Protecting our waterways from introduced threats like weeds, algae and pest fish was identified as high priority for local agencies at a recent freshwater biosecurity meeting.
The group, including the Waikato Regional Council, the Tuwharetoa Māori Trust Board, Taupō Harbourmaster, Taupō District Council and DOC, recognised signage in the district needed a facelift.
The new designs include existing and potential weeds and pests, as well as how waterway users can use 'Check, Clean, Dry' methods to stop the spread of freshwater threats.

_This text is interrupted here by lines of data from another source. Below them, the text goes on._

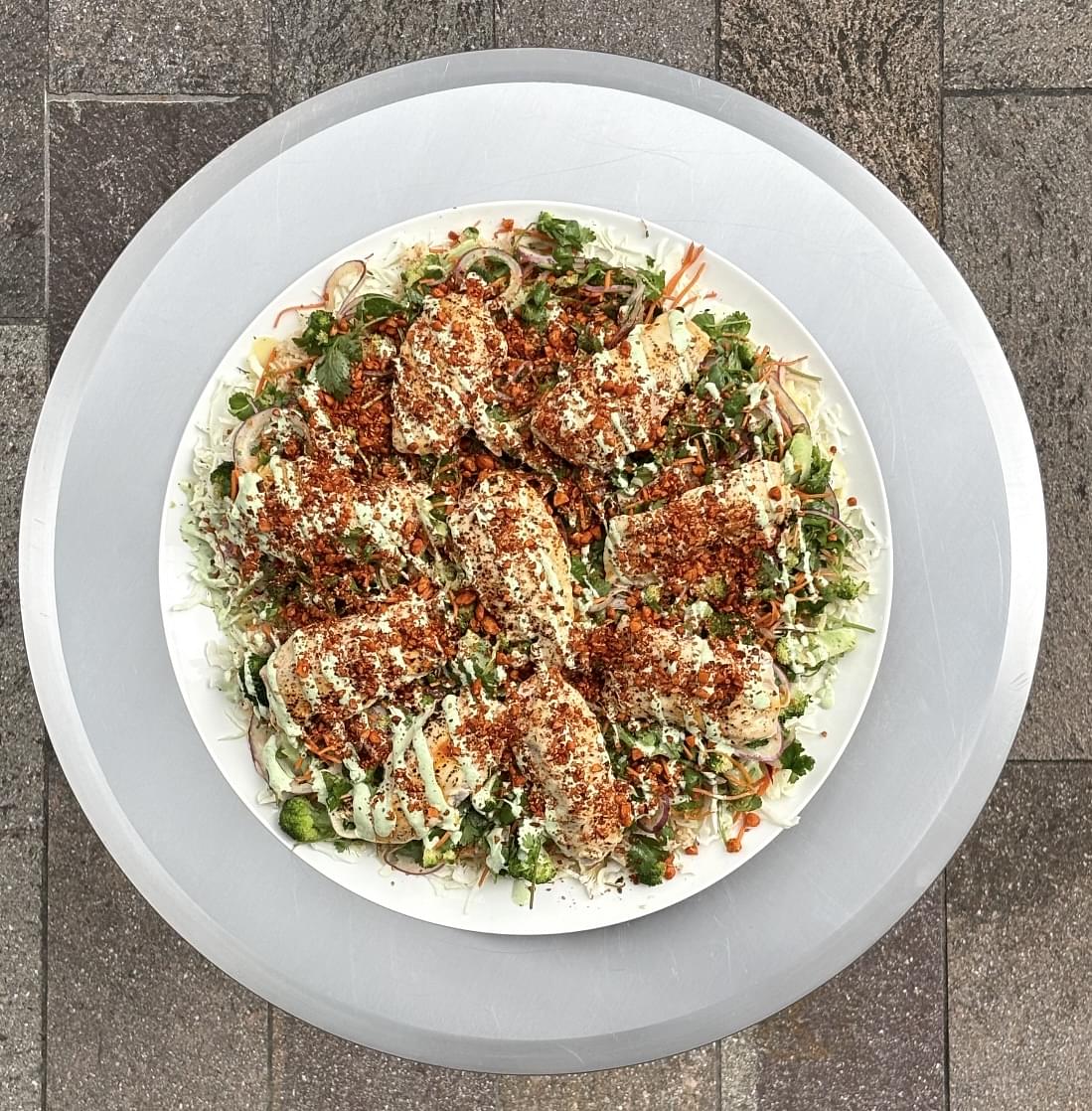 Tahini Salmon Platter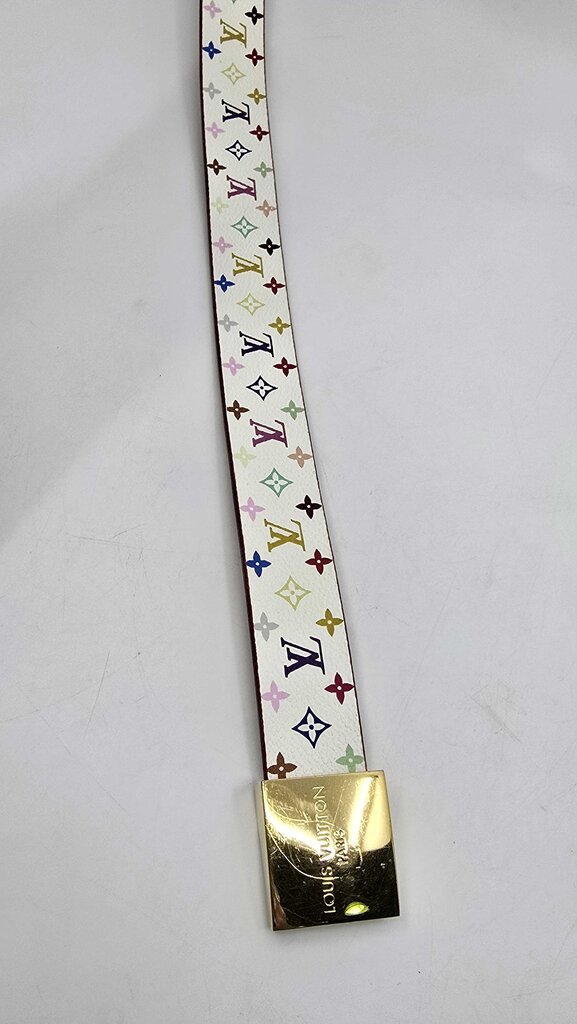 Louis Vuitton x Takashi Murakami Monogram Multicolore Ceinture Belt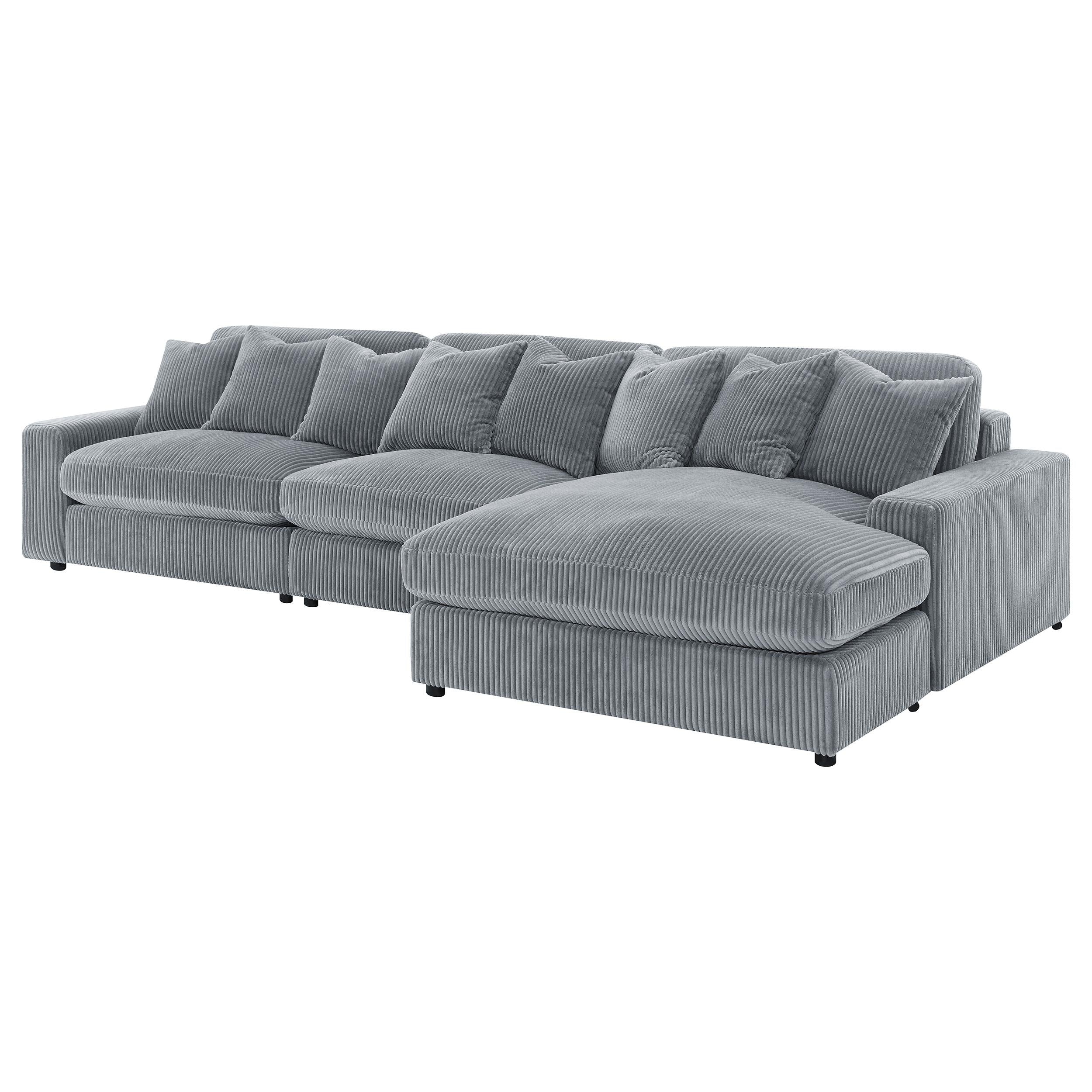 Blaine Upholstered Reversible Chaise Sectional Sofa - Ideal Furniture (Fresno,CA) 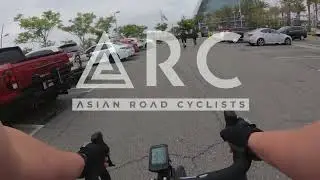Biking Santa Ana River Trail during OC Marathon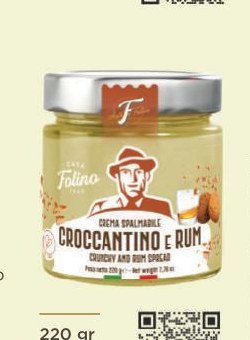 Crunchy and rhum spreadable cream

“As national and local attention increases around the health of our lakes and rivers, so does the public’s enthusiasm to take action”, says DOC freshwater ranger Brenda Lawson. “Knowing the risks, promoting, and using 'Check, Clean, Dry' is the best way to protect their special places”.
Getting the new signs erected has been a the result of collaboration between the groups involved. All agreed to work together, combining budgets and expertise.
Waikato River signs were modified to fit the Taupō area and then produced by Waikato Regional Council. Locations were checked by Taupō District Council - and as the land around the lake belonged to all the groups, there was no problem approving sites.
Painting the posts was an ideal project for ‘People in Prison' - a Tongariro Prison initiative where prisoners work on community projects.
“It was a perfect fit to ask the prison to ‘join the team’ to protect our waterways”, says Brenda. "Especially as the prison is located in the Tūwharetoa rōhe, and has worked over a significant period of time for the conservation of their waterways and land”.
“Most of the signs are already up at boat ramps around the Taupō area, so make sure you stop and have a good look so you can help protect your favourite playground", she said.
Brenda says many people are aware of didymo, but there are other invasive species already existing in Taupō and nearby locations.
Hornwort is an example of a nasty weed which has been present in Taupō for many years. Blocking waterways, hindering fishing, and creating a nuisance when it washes up on beaches are just some of its effects. Iconic lakes such as Otamangakau and Waikaremoana would be severely affected if this weed spread there.
There is also the possibility of new foreign species arriving in our region. Lake Snow is a sticky slime algae creating problems with fishing lines and water filters in Lake Wanaka. Scientists are currently testing to see whether it is foreign, or a native blooming because of environmental influences.
Lake Waikaremoana has also tested positive for Lake Snow. Fortunately, 'Check, Clean, Dry' is also effective on this algae.